EVKK genellikle ani başlangıçlı deri renginde kırmızımsı kahverengi veya kahverengi- siyah renkte küçük, yumuşak, asemptomatik göbekli olabilen papüllerle karakterize bir hastalıktır 3. Göğüs ve ekstremiterlerde yerleşmekle birlikte yüze sınırlı dissemine lezyonlar şeklinde de gözlenebilir 1. Olgumuzda lezyonlar gövdeye sınırlı olup 9-10 adet bazıları umblike deri renginde 1-3 mm çapında papüller şeklinde idi. Hastalığın herediter geçiş gösterdiği bildirilmiştir 1,5. Hastamızda aile anmanezinde benzer hastalık tespit edilmedi. Bazı otörler tarafından steatokistoma multipleks (SM) gibi diğer herediter hastalıklarla ilişkili olabileceği bildirilmiştir 1,6. EVKK
lezyonlarının histopatolojisinde; orta dermiste yerleşen vellus kılları ve keratinöz materyal içeren, birkaç sıra skuamöz epitelyum ile çevrili küçük kistler mevcuttur ve kist duvarında follikül benzeri invajinasyonlar gözlenebilir 1. Hastamızın histopatolojik bulguları EVKK ile uyumlu idi. EVKK ile SM kliniği, başlangıç yaşı, dağılımı benzer, histolojik görünümü farklı iki hastalıktır 7,8. Hurrliman ve ark tarafından histolojik özelliği hibrit olan vakalar bildirilmiştir 8. Ohtake ve arkadaşları hem EVKK hem de SM bulunan bir olgu bildirmişler 7. Yine Kiene ve ark aynı hastada EVKK ve SM tespit etmişlerdir ve iki hastalığın pilosebase duktustan orjin alan bir hastalığın varyantı olabileceğini belirtmişlerdir 99. Tomkova ve ark ise EVKK' nde keratin 10, SM ise keratin 10 ve 17 salınımının olduğunu, buradan hareketle iki hastalığın ayrılabileceğini bildirmiştir 10.

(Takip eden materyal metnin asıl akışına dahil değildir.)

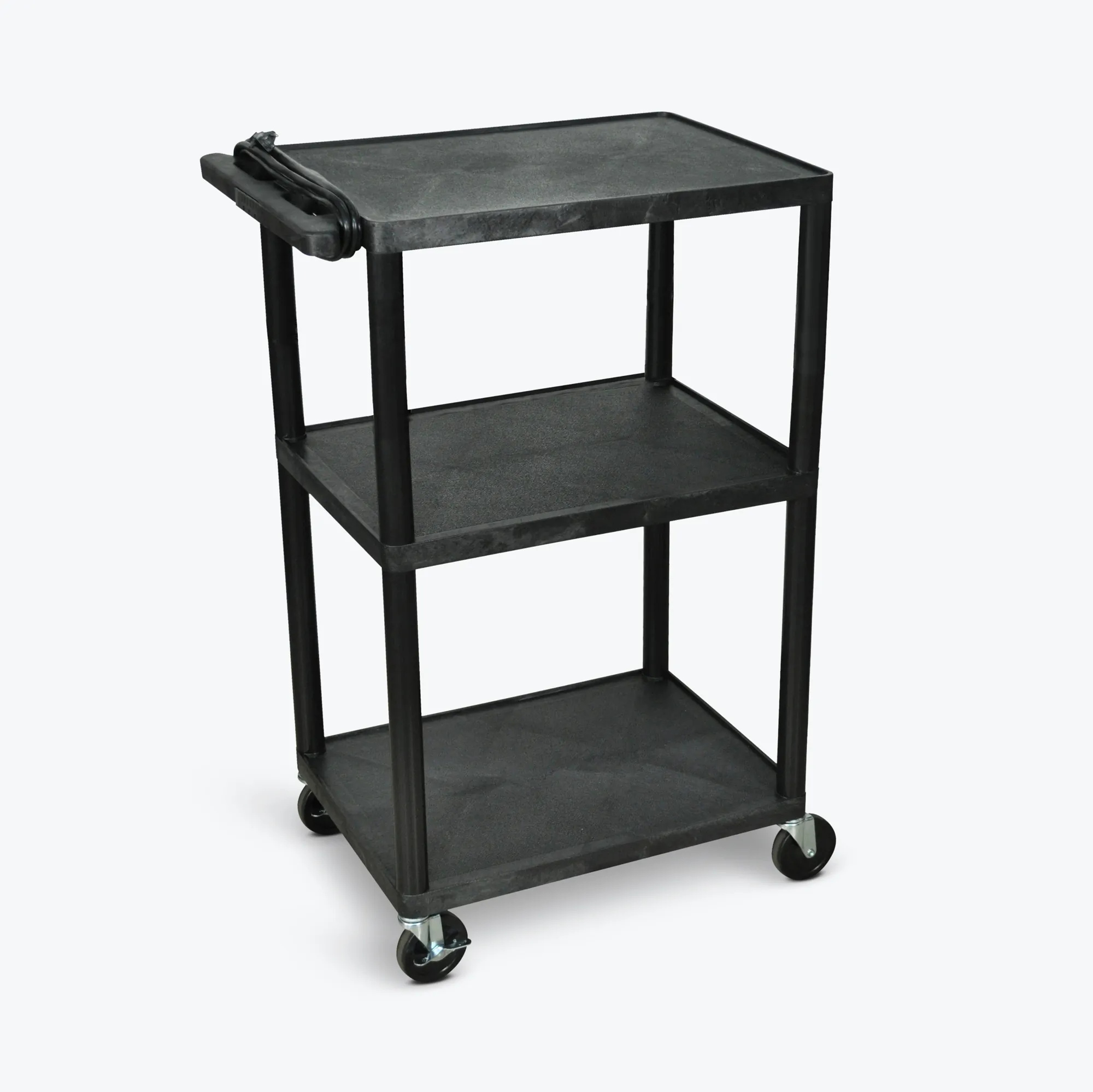 Luxor LP42E-B Endura Black 3 Shelf Presentation Cart 42h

Hastalık konjenital olabilir ama genellikle 17-24 yaşları arasında başlar 1. Olgumuz 17 yaşında erkek idi.
Lezyonlar genellikle asemptomatiktir ama kaşıntı ya da hassasiyet de olabilir 3. Daha önce nörolojik hastalıkla birlikte olan bir EVKK'li vaka 6, pakionişi konjenitalı ve EVKK'li bir olgu 11, kronik renal yetmezlikli ve EVKK'li iki olgu 12 ve Lowe sedromlu ve EVKK'li olgu 13 bildirilmiştir. Olgumuzda herhangi bir semptom ve sistemik hastalıkla birliktelik yoktu.
Hastalığın tanısı histopatoloji ile konulur. Bununla birlikte kistlerin insizyonunda sarı keratinöz materyal ile birlikte küçük kılların görülmesi ile de tanı konulabilir 3. Hastamızda kistlerden biri insize edilerek direk mikroskopik incelemesi yapıldı ve benzer bulgular tespit edildi.

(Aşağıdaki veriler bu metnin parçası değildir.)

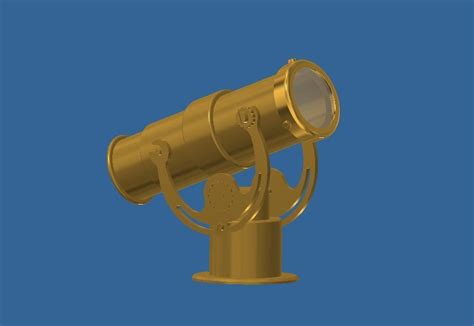 telescope gold  model  printable cgtrader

EVKK benign ve genellikle asemptomatik olmasına rağmen hastalar kozmetik nedenler ile doktora başvururlar. Tedavi genellikle minör fayda vermektedir. Hastalığın tedavisinde; topikal olarak, %12 lik laktik asit, retinoik asit ve %10 üre, sistemik olarak ise vitamin A kullanılır. Ayrıca cerrahi eksizyon , küretaj, karbondioksit lazer diğer tedavi seçenekleridir 3. Olgumuzda iki aylık topikal tretinoin ve %10 üre tedavisine rağmen regresyon görülmedi.
Sonuç olarak; EVKK asemptomatik olduğu ve akne gibi hastalıklarla karışabildiği gibi, hastalık nedeniyle kliniklere müracatlarda az olmakta ve bu nedenle de hastalığın literatürlerde bildirildiğinden daha sık olduğu kanısındayız.